Estamos presenciando um “surdo” conflito entre Legislativo e Executivo. Parece que os políticos brasileiros não se entendem e o país segue para entristecedores caminhos. Vivemos uma fantasia. Tudo de bom está no Brasil, mas os políticos teimam em prejudicá-lo por todas as formas.
Nos bancos acadêmicos aprende-se que as funções do Estado são três: Legislativo, Executivo e Judiciário. Modernamente, outras atividades despontaram: controle de contas, Ministério Público, Advocacias públicas. Todas pretendem orçamento próprio. Todas querem figurar na Constituição da República. Como se isso fosse garantia de algo. Aprende-se, também, que o legislativo legisla, o Executivo administra e o Judiciário julga. Há autores que limitam as funções a duas: uma que cria e executa e outra que restaura a ordem se lesada.
A pureza das instituições e de seus conceitos cede ante o crescimento do Estado e a assunção de novas atividades por parte deste.
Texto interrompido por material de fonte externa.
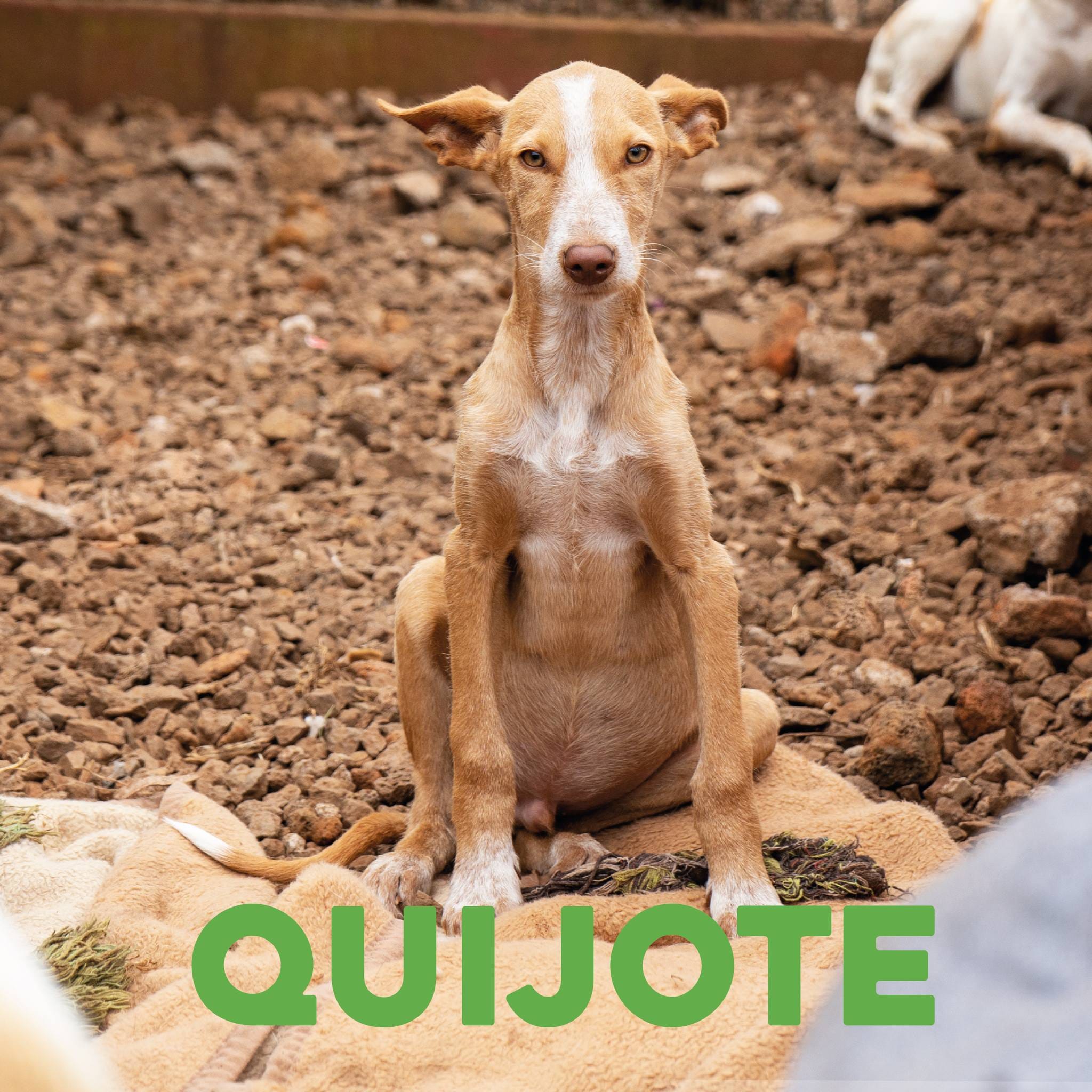 Peludos En Adopción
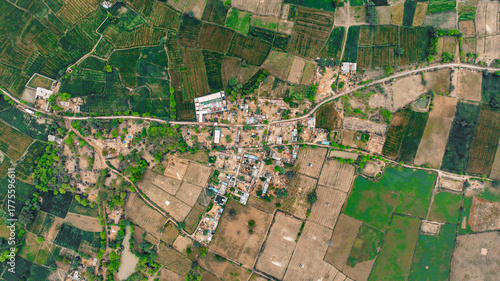 wide drone view of an Indian village surrounded by vast farmland and greenery, capturing rural lifestyle, agricultural landscape, and countryside development.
Em verdade, cabe ao Legislativo a magnífica e notável atividade de instaurar e modificar a ordem jurídico. As grandes decisões são dele. Ele elabora a Constituição e a modifica e institui todas as leis que são aplicáveis ao país. Ao Judiciário cabe reparar inconstitucionalidades e ilegalidades. Ao Executivo a administração de todo o país.
Cada qual tem suas nobres funções. Dentre elas, ao Legislativo cabe elaborar o orçamento nacional. Tem a perspectiva da arrecadação do montante tributário e das receitas patrimoniais o que compõem. Sabedor do total que irá receber no exercício seguinte, elabora o “mapa” das despesas que terá que suportar. Há um balanceamento. Não pode gastar mais do que recebe. É como a dona de casa que sabe o que ganha e o que pode despender (o grego antigo tinha o oikos (casa) e o nomos (norma). Isso dá origem à economia.
A partir daí, sempre coube ao Executivo prever a receita e estabelecer a receita. De uns tempos para cá o Legislativo resolveu que tem parte na receita e na despesa. É que a liberação de algumas emendas inseridas na lei orçamentária anual dependia de anuência do Executivo. Utilizava, então, esse poder para constranger parlamentares a aprovar suas propostas. Em gesto de autodefesa, o Parlamento tornou tais liberações obrigatórias. Até aí concordo.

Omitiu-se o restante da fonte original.